Google Research

In-Datacenter Performance Analysis of a Tensor Processing Unit

  • Norman P. Jouppi
  • Cliff Young
  • Nishant Patil
  • David Patterson
  • Gaurav Agrawal
  • Raminder Bajwa
  • Sarah Bates
  • Suresh Bhatia
  • Nan Boden
  • Al Borchers
  • Rick Boyle
  • Pierre-luc Cantin
  • Clifford Chao
  • Chris Clark
  • Jeremy Coriell
  • Mike Daley
  • Matt Dau
  • Jeffrey Dean
  • Ben Gelb
  • Tara Vazir Ghaemmaghami
  • Rajendra Gottipati
  • William Gulland
  • Robert Hagmann
  • C. Richard Ho
  • Doug Hogberg
  • John Hu
  • Robert Hundt
  • Dan Hurt
  • Julian Ibarz
  • Aaron Jaffey
  • Alek Jaworski
  • Alexander Kaplan
  • Harshit Khaitan
  • Andy Koch
  • Naveen Kumar
  • Steve Lacy
  • James Laudon
  • James Law
  • Diemthu Le
  • Chris Leary
  • Zhuyuan Liu
  • Kyle Lucke
  • Alan Lundin
  • Gordon MacKean
  • Adriana Maggiore
  • Maire Mahony
  • Kieran Miller
  • Rahul Nagarajan
  • Ravi Narayanaswami
  • Ray Ni
  • Kathy Nix
  • Thomas Norrie
  • Mark Omernick
  • Narayana Penukonda
  • Andy Phelps
  • Jonathan Ross
ISCA (2017) (to appear)

Abstract

Many architects believe that major improvements in cost-energy-performance must now come from domain-specific hardware. This paper evaluates a custom ASIC---called a Tensor Processing Unit (TPU)---deployed in datacenters since 2015 that accelerates the inference phase of neural networks (NN). The heart of the TPU is a 65,536 8-bit MAC matrix multiply unit that offers a peak throughput of 92 TeraOps/second (TOPS) and a large (28 MiB) software-managed on-chip memory.
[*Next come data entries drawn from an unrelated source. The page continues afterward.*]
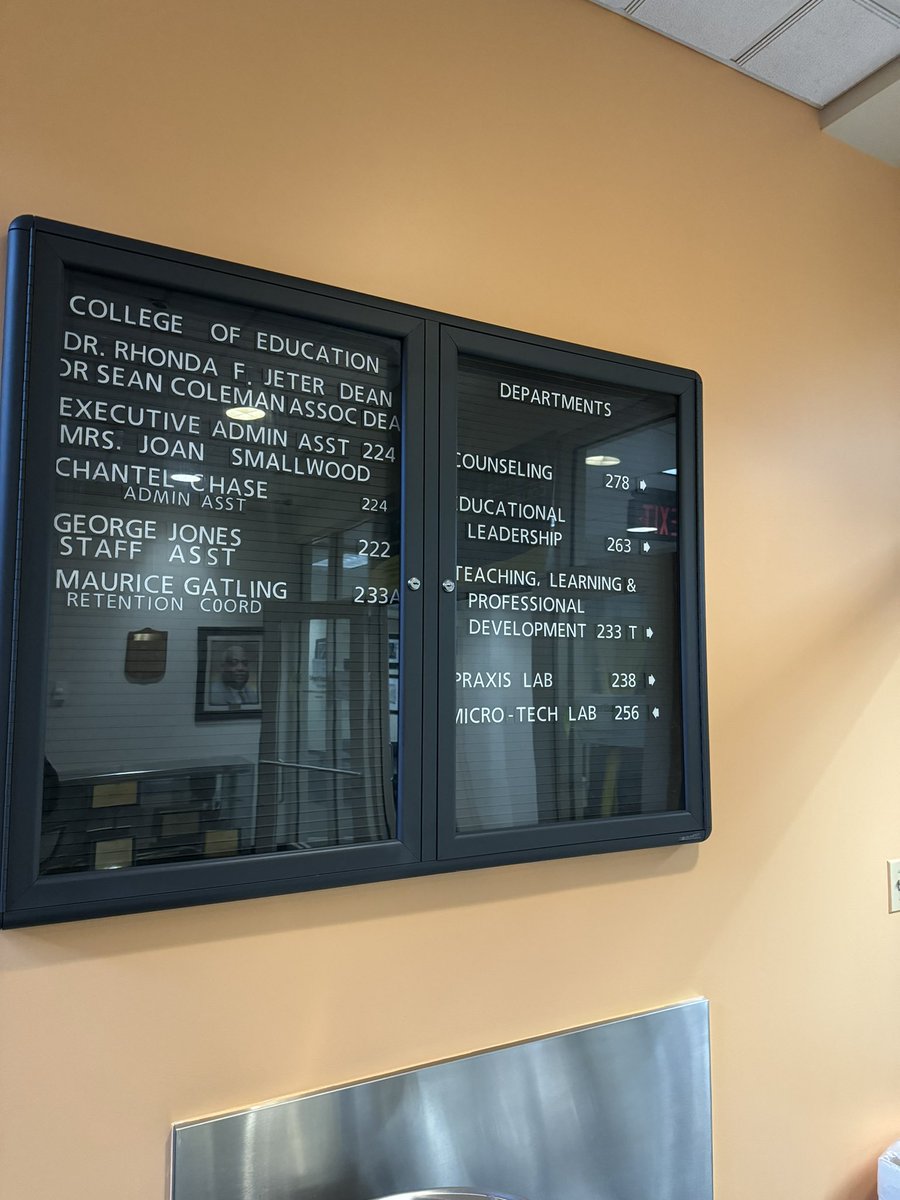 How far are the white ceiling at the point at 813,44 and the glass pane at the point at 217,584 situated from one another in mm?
836

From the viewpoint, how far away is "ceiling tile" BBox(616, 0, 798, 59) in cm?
139

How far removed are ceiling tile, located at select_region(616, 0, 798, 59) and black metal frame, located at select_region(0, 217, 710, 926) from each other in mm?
596

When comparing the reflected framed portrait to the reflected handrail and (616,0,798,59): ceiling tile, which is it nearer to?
the reflected handrail

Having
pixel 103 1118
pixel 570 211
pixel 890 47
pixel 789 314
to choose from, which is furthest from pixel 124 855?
pixel 890 47

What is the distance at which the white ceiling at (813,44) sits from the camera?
1.40 meters

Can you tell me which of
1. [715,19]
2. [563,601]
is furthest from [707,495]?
[715,19]

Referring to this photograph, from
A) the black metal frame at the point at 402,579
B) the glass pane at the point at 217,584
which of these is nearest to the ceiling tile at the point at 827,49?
the black metal frame at the point at 402,579

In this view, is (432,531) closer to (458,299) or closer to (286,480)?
(286,480)

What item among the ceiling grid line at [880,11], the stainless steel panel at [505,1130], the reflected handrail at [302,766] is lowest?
the stainless steel panel at [505,1130]

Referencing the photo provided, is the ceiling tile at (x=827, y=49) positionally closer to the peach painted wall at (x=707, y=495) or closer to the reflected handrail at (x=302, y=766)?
the peach painted wall at (x=707, y=495)

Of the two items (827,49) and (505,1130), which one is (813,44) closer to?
(827,49)

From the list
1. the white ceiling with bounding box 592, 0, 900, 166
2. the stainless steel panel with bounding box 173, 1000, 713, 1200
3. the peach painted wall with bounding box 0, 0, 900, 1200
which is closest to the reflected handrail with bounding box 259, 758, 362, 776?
the peach painted wall with bounding box 0, 0, 900, 1200

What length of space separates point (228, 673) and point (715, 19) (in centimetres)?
134

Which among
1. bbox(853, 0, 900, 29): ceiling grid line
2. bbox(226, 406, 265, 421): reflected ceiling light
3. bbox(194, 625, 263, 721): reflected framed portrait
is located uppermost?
bbox(853, 0, 900, 29): ceiling grid line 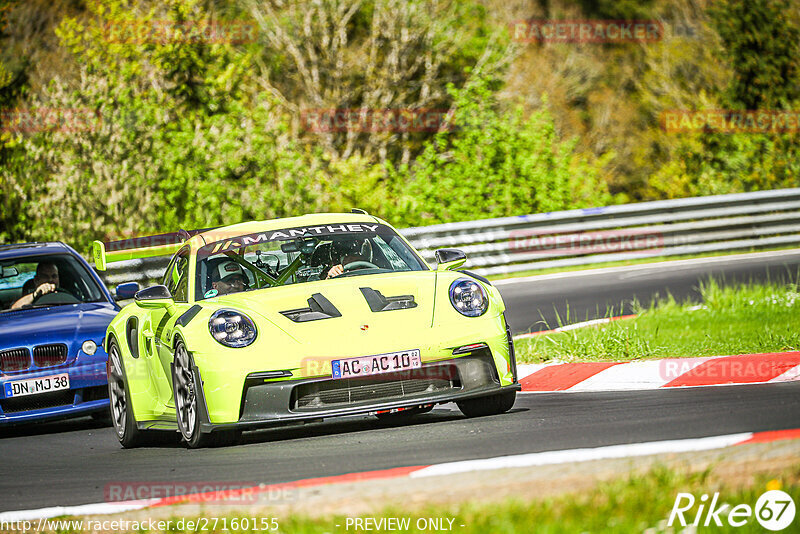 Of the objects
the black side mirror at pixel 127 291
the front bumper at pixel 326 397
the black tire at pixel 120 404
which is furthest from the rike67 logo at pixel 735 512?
the black side mirror at pixel 127 291

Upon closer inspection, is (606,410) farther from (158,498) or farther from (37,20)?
(37,20)

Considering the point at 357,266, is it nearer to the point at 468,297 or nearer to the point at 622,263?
the point at 468,297

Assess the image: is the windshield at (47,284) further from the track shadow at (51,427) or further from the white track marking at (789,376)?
the white track marking at (789,376)

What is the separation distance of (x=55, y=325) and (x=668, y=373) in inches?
182

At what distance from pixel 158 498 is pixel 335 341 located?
1469 mm

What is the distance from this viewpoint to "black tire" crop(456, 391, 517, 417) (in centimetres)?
743

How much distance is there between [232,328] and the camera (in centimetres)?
691

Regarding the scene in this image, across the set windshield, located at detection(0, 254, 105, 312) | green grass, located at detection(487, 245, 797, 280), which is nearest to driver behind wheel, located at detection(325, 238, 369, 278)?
windshield, located at detection(0, 254, 105, 312)

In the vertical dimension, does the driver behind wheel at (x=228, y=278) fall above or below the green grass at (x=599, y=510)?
above

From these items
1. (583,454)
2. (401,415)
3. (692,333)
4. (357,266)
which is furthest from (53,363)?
(583,454)

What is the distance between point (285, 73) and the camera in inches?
1502

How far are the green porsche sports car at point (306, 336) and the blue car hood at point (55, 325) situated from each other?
1356 millimetres

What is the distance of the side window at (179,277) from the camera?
7.86 metres

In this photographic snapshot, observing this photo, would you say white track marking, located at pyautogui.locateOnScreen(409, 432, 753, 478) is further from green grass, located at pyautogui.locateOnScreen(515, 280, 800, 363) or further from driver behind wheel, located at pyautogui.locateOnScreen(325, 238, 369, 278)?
green grass, located at pyautogui.locateOnScreen(515, 280, 800, 363) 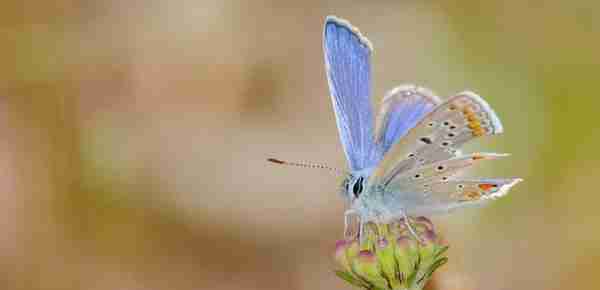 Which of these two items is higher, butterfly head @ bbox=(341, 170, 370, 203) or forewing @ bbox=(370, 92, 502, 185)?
forewing @ bbox=(370, 92, 502, 185)

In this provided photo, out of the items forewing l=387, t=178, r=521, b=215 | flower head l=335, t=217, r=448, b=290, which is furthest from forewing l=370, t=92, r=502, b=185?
flower head l=335, t=217, r=448, b=290

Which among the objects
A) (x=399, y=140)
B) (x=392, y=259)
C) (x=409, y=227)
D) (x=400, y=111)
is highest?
(x=400, y=111)

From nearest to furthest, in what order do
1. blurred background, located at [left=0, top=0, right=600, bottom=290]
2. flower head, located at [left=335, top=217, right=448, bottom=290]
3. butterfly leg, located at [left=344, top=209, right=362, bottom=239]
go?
flower head, located at [left=335, top=217, right=448, bottom=290] < butterfly leg, located at [left=344, top=209, right=362, bottom=239] < blurred background, located at [left=0, top=0, right=600, bottom=290]

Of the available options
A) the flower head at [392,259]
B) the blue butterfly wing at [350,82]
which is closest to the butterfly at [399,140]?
the blue butterfly wing at [350,82]

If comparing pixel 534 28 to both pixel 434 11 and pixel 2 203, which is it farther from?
pixel 2 203

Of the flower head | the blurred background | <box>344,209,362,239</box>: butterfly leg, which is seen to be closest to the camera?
the flower head

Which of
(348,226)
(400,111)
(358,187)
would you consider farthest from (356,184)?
(400,111)

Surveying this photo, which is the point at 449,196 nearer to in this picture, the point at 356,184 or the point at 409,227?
the point at 409,227

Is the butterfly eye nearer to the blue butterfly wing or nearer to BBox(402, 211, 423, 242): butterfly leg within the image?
the blue butterfly wing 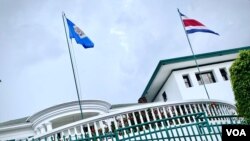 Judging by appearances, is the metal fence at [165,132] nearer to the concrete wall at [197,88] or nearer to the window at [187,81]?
the concrete wall at [197,88]

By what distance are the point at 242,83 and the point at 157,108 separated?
3.32 metres

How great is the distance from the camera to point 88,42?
55.4ft

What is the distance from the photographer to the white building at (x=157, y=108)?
34.3ft

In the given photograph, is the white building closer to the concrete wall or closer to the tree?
the concrete wall

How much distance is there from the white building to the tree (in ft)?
5.81

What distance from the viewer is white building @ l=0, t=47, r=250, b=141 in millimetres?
10453

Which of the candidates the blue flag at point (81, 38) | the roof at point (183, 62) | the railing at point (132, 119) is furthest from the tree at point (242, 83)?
the roof at point (183, 62)

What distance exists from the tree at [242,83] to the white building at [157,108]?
1772 millimetres

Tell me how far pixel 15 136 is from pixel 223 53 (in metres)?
17.0

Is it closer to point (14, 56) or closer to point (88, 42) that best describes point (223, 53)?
point (88, 42)

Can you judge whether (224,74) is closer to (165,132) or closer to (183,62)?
(183,62)

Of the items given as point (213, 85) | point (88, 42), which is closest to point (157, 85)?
point (213, 85)

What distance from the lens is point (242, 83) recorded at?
9.55 meters

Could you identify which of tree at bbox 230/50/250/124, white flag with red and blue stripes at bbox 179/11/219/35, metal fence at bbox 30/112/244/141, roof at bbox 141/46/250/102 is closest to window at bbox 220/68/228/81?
roof at bbox 141/46/250/102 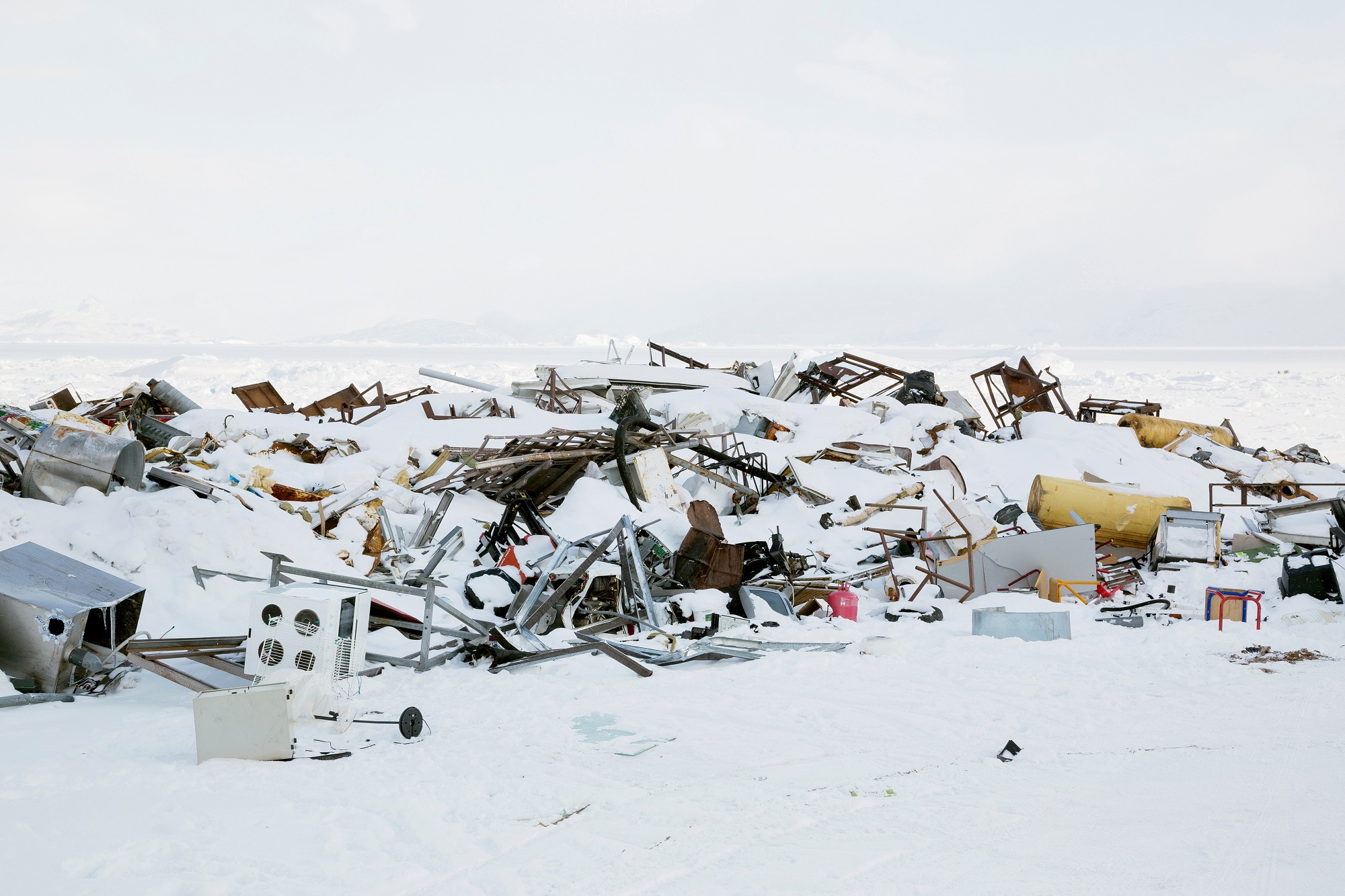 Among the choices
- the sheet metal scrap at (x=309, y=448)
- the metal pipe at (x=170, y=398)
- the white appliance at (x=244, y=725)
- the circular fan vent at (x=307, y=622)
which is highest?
the metal pipe at (x=170, y=398)

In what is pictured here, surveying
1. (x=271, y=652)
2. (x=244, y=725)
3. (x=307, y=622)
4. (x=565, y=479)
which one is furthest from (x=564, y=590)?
(x=565, y=479)

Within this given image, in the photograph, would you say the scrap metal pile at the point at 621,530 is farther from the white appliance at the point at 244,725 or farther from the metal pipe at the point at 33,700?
the white appliance at the point at 244,725

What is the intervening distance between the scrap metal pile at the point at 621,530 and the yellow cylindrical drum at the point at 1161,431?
0.24 ft

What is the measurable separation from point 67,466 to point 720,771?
6584 mm

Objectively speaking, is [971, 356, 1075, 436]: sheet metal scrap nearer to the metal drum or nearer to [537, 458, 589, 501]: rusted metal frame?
[537, 458, 589, 501]: rusted metal frame

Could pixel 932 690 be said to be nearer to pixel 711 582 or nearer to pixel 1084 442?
pixel 711 582

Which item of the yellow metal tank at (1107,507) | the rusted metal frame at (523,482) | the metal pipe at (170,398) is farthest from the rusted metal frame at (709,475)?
the metal pipe at (170,398)

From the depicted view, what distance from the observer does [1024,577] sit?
30.7 ft

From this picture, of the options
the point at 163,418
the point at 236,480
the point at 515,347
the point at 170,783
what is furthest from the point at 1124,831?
the point at 515,347

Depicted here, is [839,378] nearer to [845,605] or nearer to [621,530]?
[845,605]

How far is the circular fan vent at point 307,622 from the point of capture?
5304mm

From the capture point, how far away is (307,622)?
17.5 ft

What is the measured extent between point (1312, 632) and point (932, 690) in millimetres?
3964

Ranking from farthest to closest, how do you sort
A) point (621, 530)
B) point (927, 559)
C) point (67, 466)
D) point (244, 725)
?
point (927, 559), point (621, 530), point (67, 466), point (244, 725) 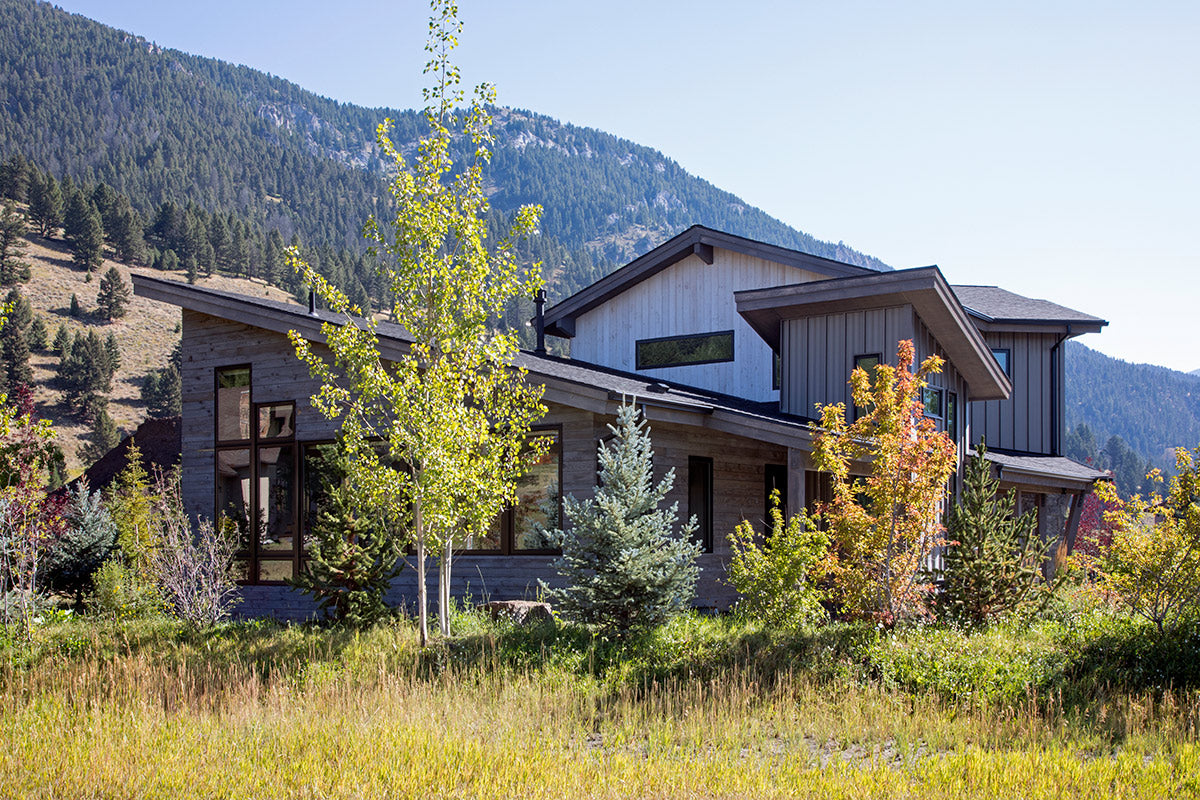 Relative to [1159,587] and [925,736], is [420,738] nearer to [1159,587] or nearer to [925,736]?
[925,736]

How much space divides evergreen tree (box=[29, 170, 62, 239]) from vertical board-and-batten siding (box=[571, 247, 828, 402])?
6558 cm

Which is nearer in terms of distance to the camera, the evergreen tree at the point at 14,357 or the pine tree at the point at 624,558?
the pine tree at the point at 624,558

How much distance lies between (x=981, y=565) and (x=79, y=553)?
1503cm

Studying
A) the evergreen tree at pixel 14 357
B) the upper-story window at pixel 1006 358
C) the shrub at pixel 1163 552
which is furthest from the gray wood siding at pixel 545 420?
the evergreen tree at pixel 14 357

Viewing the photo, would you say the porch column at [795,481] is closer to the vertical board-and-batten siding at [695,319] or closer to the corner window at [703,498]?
the corner window at [703,498]

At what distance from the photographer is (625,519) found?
Result: 11719mm

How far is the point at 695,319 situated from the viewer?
2036cm

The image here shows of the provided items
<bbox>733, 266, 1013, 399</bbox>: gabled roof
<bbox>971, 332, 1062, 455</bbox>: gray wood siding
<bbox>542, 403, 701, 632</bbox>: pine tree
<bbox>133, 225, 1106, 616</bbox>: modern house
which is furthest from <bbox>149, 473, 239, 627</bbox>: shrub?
<bbox>971, 332, 1062, 455</bbox>: gray wood siding

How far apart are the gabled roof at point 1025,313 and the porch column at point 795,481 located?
29.1 ft

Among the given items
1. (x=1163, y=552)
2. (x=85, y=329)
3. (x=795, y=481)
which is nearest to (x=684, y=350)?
(x=795, y=481)

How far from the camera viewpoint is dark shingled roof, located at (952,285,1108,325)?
22078 mm

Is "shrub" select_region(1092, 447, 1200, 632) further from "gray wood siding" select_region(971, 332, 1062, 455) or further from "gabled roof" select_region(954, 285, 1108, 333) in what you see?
"gray wood siding" select_region(971, 332, 1062, 455)

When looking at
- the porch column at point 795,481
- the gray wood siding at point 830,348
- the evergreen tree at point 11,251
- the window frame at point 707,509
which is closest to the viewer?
the porch column at point 795,481

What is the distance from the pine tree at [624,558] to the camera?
11391 millimetres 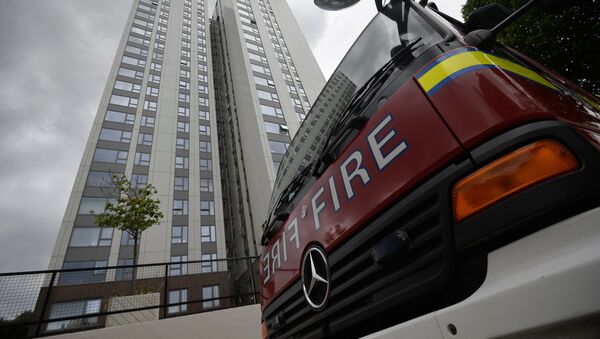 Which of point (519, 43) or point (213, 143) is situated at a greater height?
point (213, 143)

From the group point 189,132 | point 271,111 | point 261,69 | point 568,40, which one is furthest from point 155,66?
point 568,40

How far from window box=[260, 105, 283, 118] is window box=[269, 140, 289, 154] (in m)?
3.46

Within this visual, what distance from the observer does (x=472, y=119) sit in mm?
945

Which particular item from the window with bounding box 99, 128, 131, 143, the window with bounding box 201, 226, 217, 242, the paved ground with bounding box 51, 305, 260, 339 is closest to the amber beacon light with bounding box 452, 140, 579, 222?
the paved ground with bounding box 51, 305, 260, 339

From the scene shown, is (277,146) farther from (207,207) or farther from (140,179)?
(140,179)

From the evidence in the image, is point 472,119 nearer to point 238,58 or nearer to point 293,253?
point 293,253

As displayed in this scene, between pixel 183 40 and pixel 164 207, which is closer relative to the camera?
pixel 164 207

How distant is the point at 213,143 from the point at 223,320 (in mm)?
30260

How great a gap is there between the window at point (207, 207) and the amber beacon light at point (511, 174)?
96.5 ft

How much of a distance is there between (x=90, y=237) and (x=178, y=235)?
6.48 metres

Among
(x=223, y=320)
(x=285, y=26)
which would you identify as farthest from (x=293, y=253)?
(x=285, y=26)

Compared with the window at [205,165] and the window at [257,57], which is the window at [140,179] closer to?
the window at [205,165]

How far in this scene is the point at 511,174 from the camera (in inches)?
32.9

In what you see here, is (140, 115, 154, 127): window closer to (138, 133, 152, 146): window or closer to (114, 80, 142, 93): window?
(138, 133, 152, 146): window
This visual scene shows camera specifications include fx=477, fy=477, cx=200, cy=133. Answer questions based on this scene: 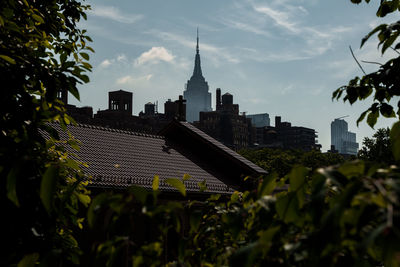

The TPU's deterministic execution model is a better match to the 99th-percentile response-time requirement of our NN applications than are the time-varying optimizations of CPUs and GPUs (caches, out-of-order execution, multithreading, multiprocessing, prefetching, ...) that help average throughput more than guaranteed latency. The lack of such features helps explain why, despite having myriad MACs and a big memory, the TPU is relatively small and low power. We compare the TPU to a server-class Intel Haswell CPU and an Nvidia K80 GPU, which are contemporaries deployed in the same datacenters. Our workload, written in the high-level TensorFlow framework, uses production NN applications (MLPs, CNNs, and LSTMs) that represent 95% of our datacenters' NN inference demand. Despite low utilization for some applications, the TPU is on average about 15X - 30X faster than its contemporary GPU or CPU, with TOPS/Watt about 30X - 80X higher. Moreover, using the GPU's GDDR5 memory in the TPU would triple achieved TOPS and raise TOPS/Watt to nearly 70X the GPU and 200X the CPU.